Proxies must have been constituted less than one (1) year ago and must be a shareholder or manager of the Company, an attorney registered in the Brazilian Bar Association, or a financial institution.

In accordance with Official Letter/CVM/SEP/02/2018, Shareholders that are legal entities may be represented in the Shareholders Meeting by their legal representatives or agents duly appointed in accordance with the articles of incorporation of said company and with the Brazilian Civil Code, in which case they are not required to be a shareholder or manager of the Company or an attorney.

Similarly, shareholders that are investment funds, as per a decision of the Board of Commissioners of CVM in CVM Administrative Proceeding RJ-2014-3578, may be represented in the Shareholders Meeting by their legal representatives or agents duly appointed by their manager or administrator, in accordance with their regulations, bylaws or articles of organization of their manager or administrator, as applicable.

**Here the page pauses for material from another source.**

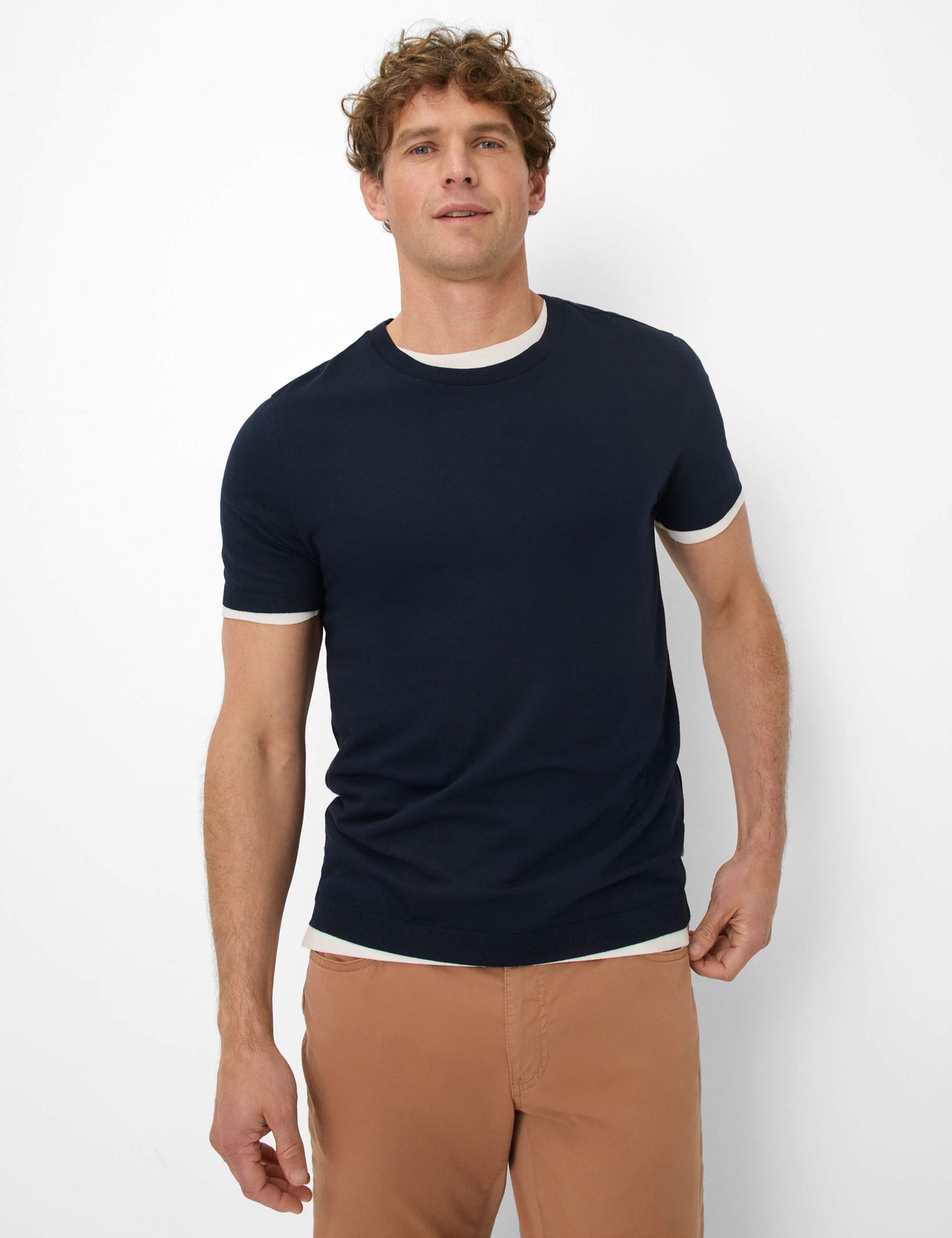 Jersey: T-Shirt in Cotton-Modal Mix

Without prejudice to paragraph 2, article 5 of ICVM 481/2009 and in accordance with the practice adopted by the Company in recent call notices to expedite the process of convening Shareholders Meetings, the Company requests shareholders represented by proxy to submit the respective proxy instrument and proof of ownership of the shares for participation at the Shareholders Meeting to the registered office of the Company at least forty-eight (48) hours prior to the Shareholders Meeting.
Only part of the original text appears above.